Son père, André, universitaire réputé, disparu l'an dernier, était un ami de Daniel Johnson, le premier ministre unioniste. Les destins de leurs fils seront aussi soudés.

Raymond Bachand et Pierre Marc Johnson seront, en culottes courtes, déjà complices. C'est Bachand qui l'attire au Parti québécois, alors naissant. Quand Johnson se présente dans Anjou, Bachand étudie à Boston, mais sa valise est prête.

Devenu ministre du Travail en 1977, Johnson garde naturellement son ami près de lui, comme chef de cabinet. «C'est un planificateur exceptionnel, il a le sens de l'organisation. Un raisonnement d'ingénieur chez un avocat, cela fait un bon mélange», explique aujourd'hui Johnson.

Insuccès

Des fausses balles? Il a été du sauvetage raté des Expos, opération qui lui laisse un goût amer. Bachand est un fan, il allait voir les Royaux avec son père. Jeffrey Loria met la main sur le club, qu'il revend rapidement. «On s'est fait avoir», reconnaît facilement Bachand aujourd'hui.
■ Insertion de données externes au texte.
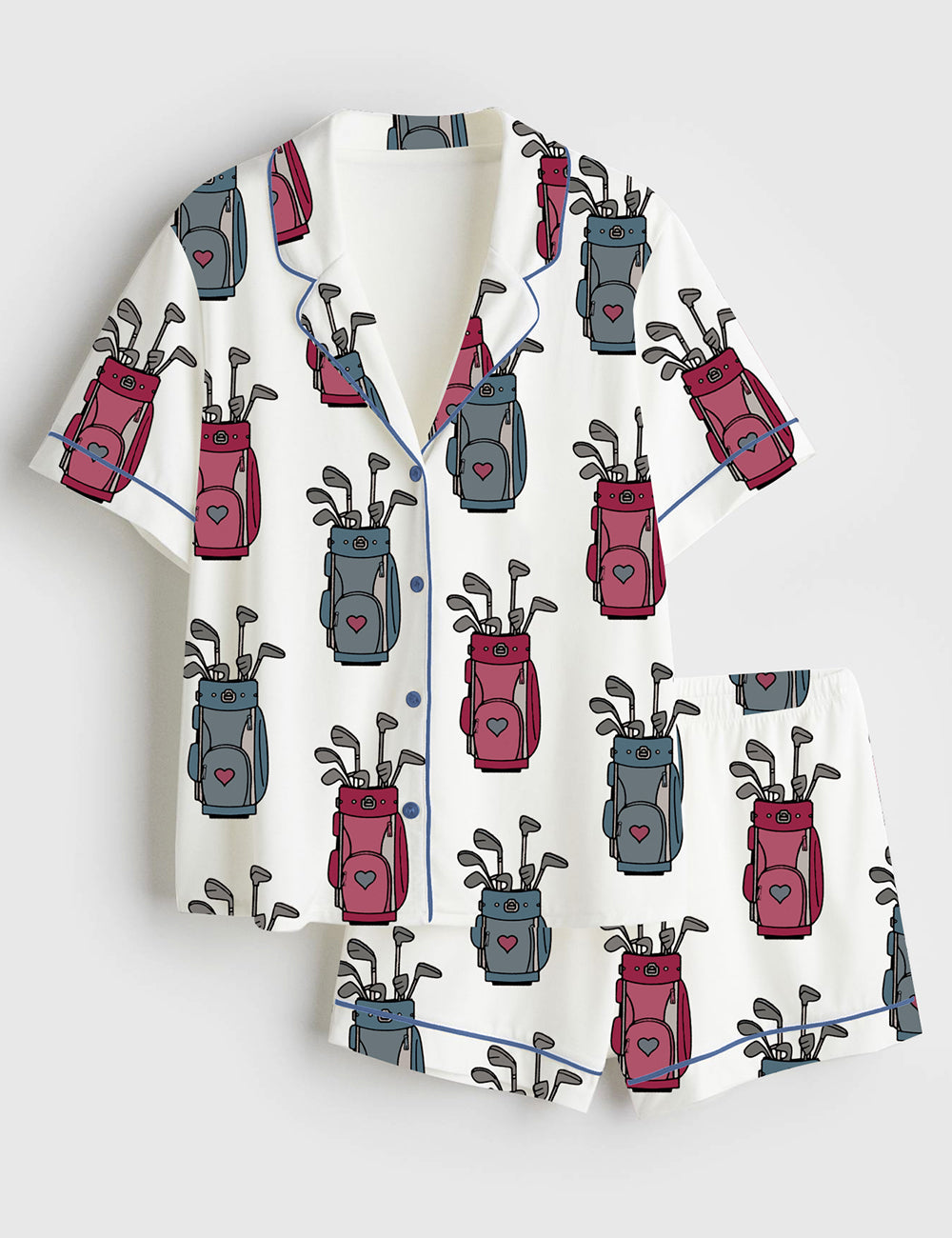 Women’s Golf Pun Look How Par We've Come Cute Golf Print Short Sleeve Satin Pajama Set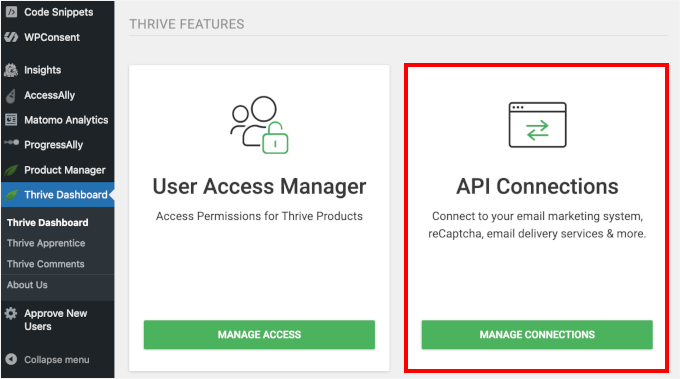 Managing API Connections in Thrive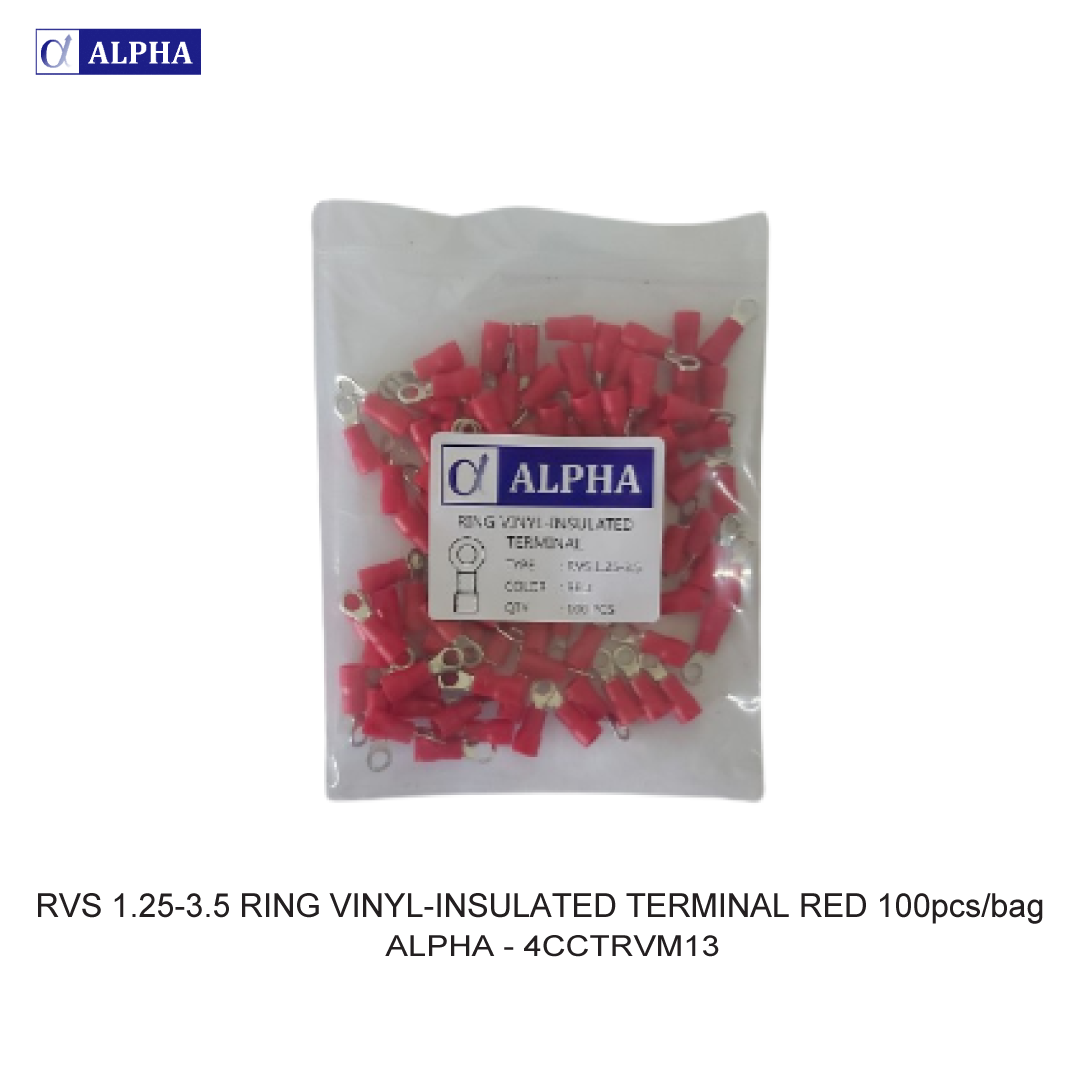 RVS  1.25-3.5 RING VINYL-INSULATED TERMINAL RED 100pcs/bag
Il a aussi défendu la Gaspésia, un naufrage financier pour le Fonds. «La technologie existait, le projet d'une papeterie spécialisée était viable; c'est le chantier qui a dérapé», insiste-t-il. Plus tard, à titre de ministre de l'Industrie, il défendra vigoureusement l'idée de réserver à Bombardier la construction des nouveaux wagons du métro de Montréal. Le tribunal renverra Québec faire ses devoirs et forcera l'entrée d'Alstom.

«Je suis un bâtisseur. Après, je perds intérêt», soutient Bachand. D'autres le voient autrement. D'abord, le démarchage pour les contrats n'a jamais été sa tasse de thé. «Il est plutôt gestionnaire qu'entrepreneur. C'est d'abord quelqu'un qui écoute», résume Marcel Côté, son ex-associé à SECOR.

Dans l'entrevue de près d'une heure qu'il nous a accordée, il parle abondamment de son parcours souverainiste. Soudain, il observe, amusé: «Ça va faire un papier péquiste... C'est pas bien bon!» Pensée fugitive pour ce défroqué de l'indépendance, dont on pense qu'il voudrait succéder à Jean Charest.

Ses proches prédisent qu'il ne sera pas sur la ligne de départ. «Il en a déjà plein ses bottes avec ses responsabilités aux Finances et je ne pense pas qu'à 63 ans, on planifie encore 10 ans de carrière», résume Jacques Rochefort. Bachand a eu sa douche froide: un sondage CROP a montré récemment que, comme chef libéral, il aurait moins de succès que l'impopulaire Charest.

Son passé péquiste est un obstacle, dit-on au PLQ. Son âge en est un autre. Bachand vient toutefois de déposer un budget qui incite les gens à reporter leur retraite... «Je ne réfléchis pas à ça. Jean Charest est là pour 10 ans. Je serai parti avant lui», réplique-t-il comme pour s'en convaincre.